Dutch citizen Joran van der Sloot will face trial on extortion and wire fraud charges, stemming from an accusation that he tried to extort the Holloway family after their daughter's disappearance.
Holloway, who lived in suburban Birmingham, Alabama, was 18 when she was last seen during a trip with classmates to Aruba. She vanished after a night with friends at a nightclub, leaving a mystery that sparked years of news coverage and countless true-crime podcasts. She was last seen leaving a bar with van der Sloot, then 18 years old.
Van der Sloot was identified as a suspect and detained, along with two Surinamese brothers, weeks later. Holloway's body was never found, and no charges were filed in the case. A judge later declared Holloway dead.
Years later, van der Sloot was arrested in Peru for the 2010 murder of 21-year-old Stephany Flores, who was killed five years to the day after Holloway's disappearance.
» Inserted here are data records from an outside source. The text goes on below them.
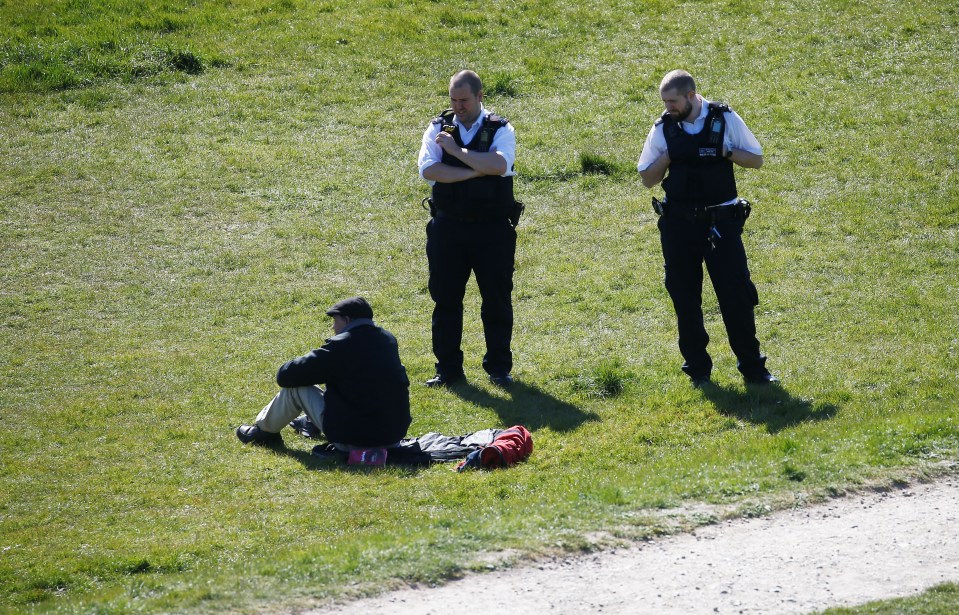  Police speak with a man in Norholt as he enjoys the sunshine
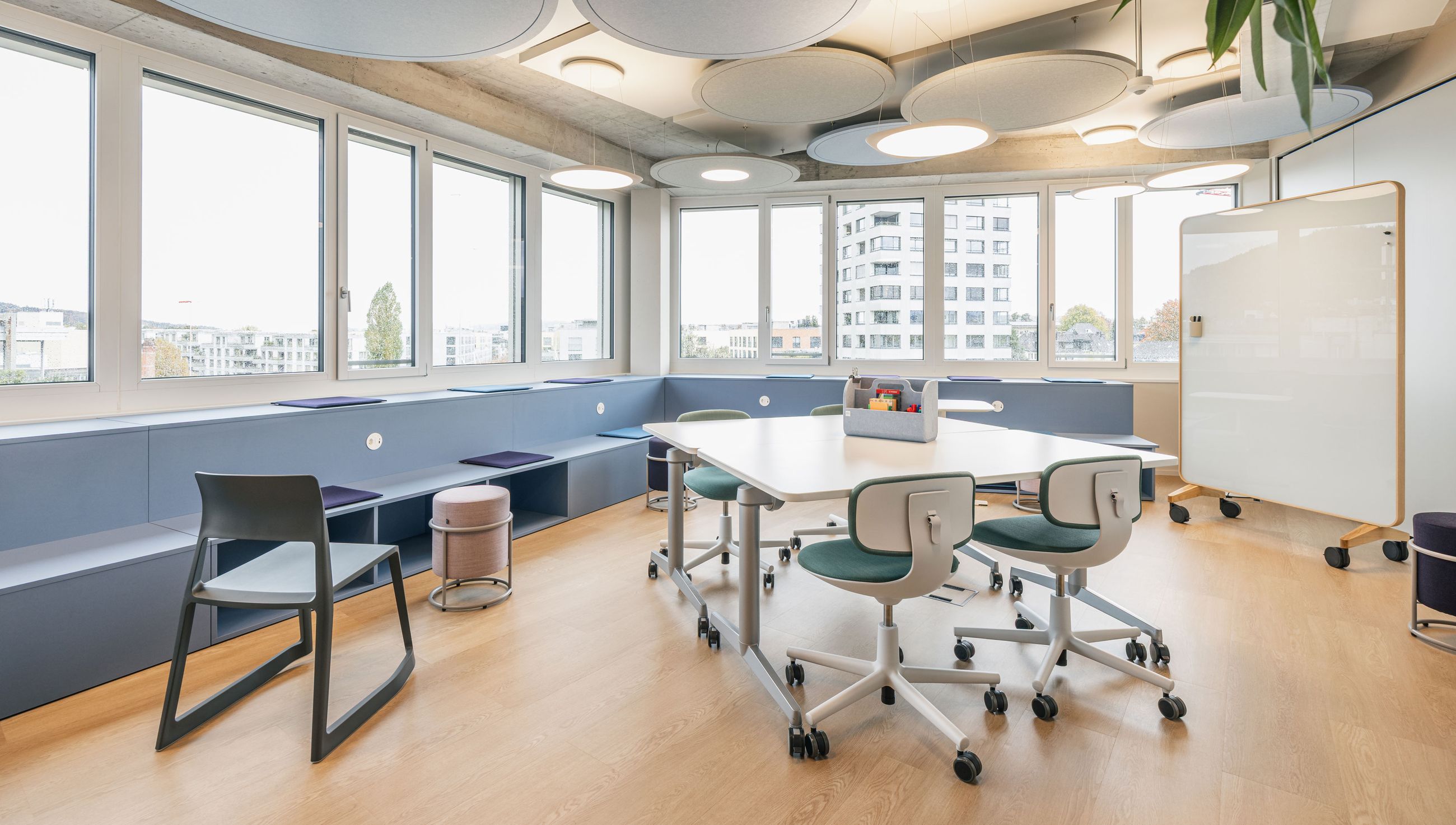 Lichtdurchfluteter Kreativraum mit runden Akustikelementen an der Decke, flexiblen Tischen und Whiteboard.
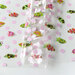 Tula Pink School Crossing TPU vinyl featuring schools of colorful fish in an underwater-inspired design.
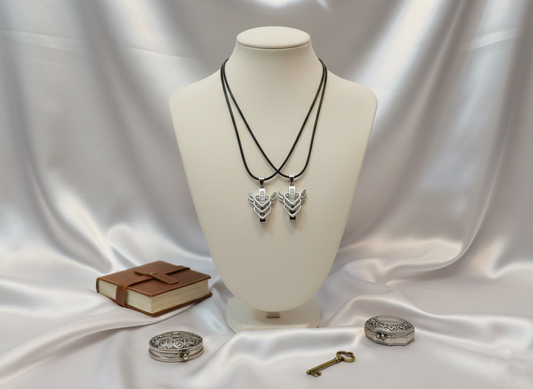 Necklace on a mannequin bust with a book and keys on a white fabric background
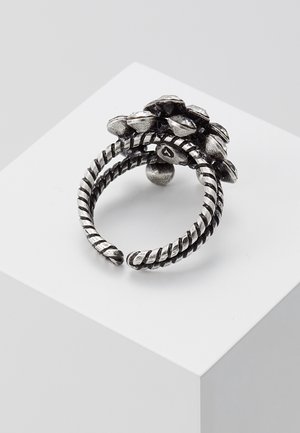 Bague ajustable en argent avec une bande torsadée et un groupe de pierres rondes facettées, foncées et claires, sur le dessus, exposée sur une surface blanche.
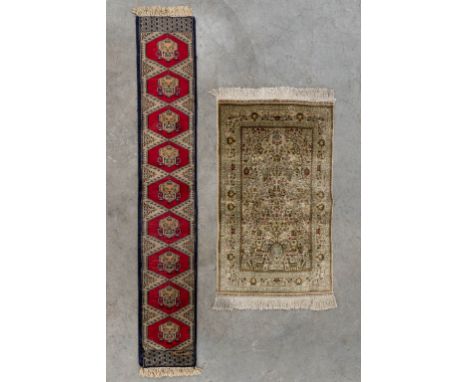 Two Oriental hand-made carpets. Silk and Wool.&nbsp;Silk carpet is signed at the top.&nbsp;Dimensions for the silk carpet.&nb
Prosecutors accused van der Sloot of killing Flores, a business student from a prominent family, to rob her after learning she had won money at the casino where the two met. They said he killed her with "ferocity" and "cruelty," beating then strangling her in his hotel room. He pleaded guilty in 2012, and is serving 28 years in prison for the murder.
But his extradition to the U.S. stems from an alleged attempt to profit from his connection to the Holloway case. A grand jury in Alabama in 2010 indicted van der Sloot on wire fraud and extortion charges, accusing him of trying to extort hundreds of thousands of dollars from the Holloways.
Prosecutors in the U.S. allege van der Sloot accepted $25,000 in cash from Holloway's family in exchange for a promise to lead them to her body in early 2010, just before he went to Peru.
An FBI agent wrote in an affidavit that van der Sloot reached out to Holloway's mother and wanted to be paid $25,000 to disclose the location and then another $225,000 when the remains were recovered. During a recorded sting operation, van der Sloot pointed to a house where he said Holloway was buried but in later emails admitted to lying about the location, the agent said.
Peru's Minister of Justice Daniel Maurate said in a statement Wednesday the government decided to "accept the request" from U.S. authorities "for the temporary transfer" of van der Sloot to be prosecuted on extortion and fraud charges. In Peru, all extraditions must be approved by the president.
"We will continue to collaborate on legal issues with allies such as the United States, and many others with which we have extradition treaties," said Edgar Alfredo Rebaza, director of Peru's Office of International Judicial Cooperation and Extraditions of the National Prosecutor's Office.
A 2001 treaty between Peru and the U.S. allows a suspect to be temporarily extradited to face trial in the other country. It requires that the prisoner "be returned" after judicial proceedings are concluded "against that person, in accordance with conditions to be determined by" both countries.
In a statement, the young woman's mother, Beth Holloway, said she was blessed to have Natalee in her life for 18 years.
"She would be 36 years old now. It has been a very long and painful journey, but the persistence of many is going to pay off. Together, we are finally getting justice for Natalee," Beth Holloway said.
Attorney Maximo Altez, who represents van der Sloot, told the AP he will fight the decision once he is properly notified by the Peruvian government.
"I am going to challenge that resolution," Altez said. "I am going to oppose it since he has the right to a defense."
Van der Sloot could not immediately be reached for comment on Wednesday. More than a decade ago, he told a Peruvian judge that he would fight efforts to be extradited to the U.S.
Van der Sloot married a Peruvian woman in July 2014 in a ceremony at a maximum-security prison.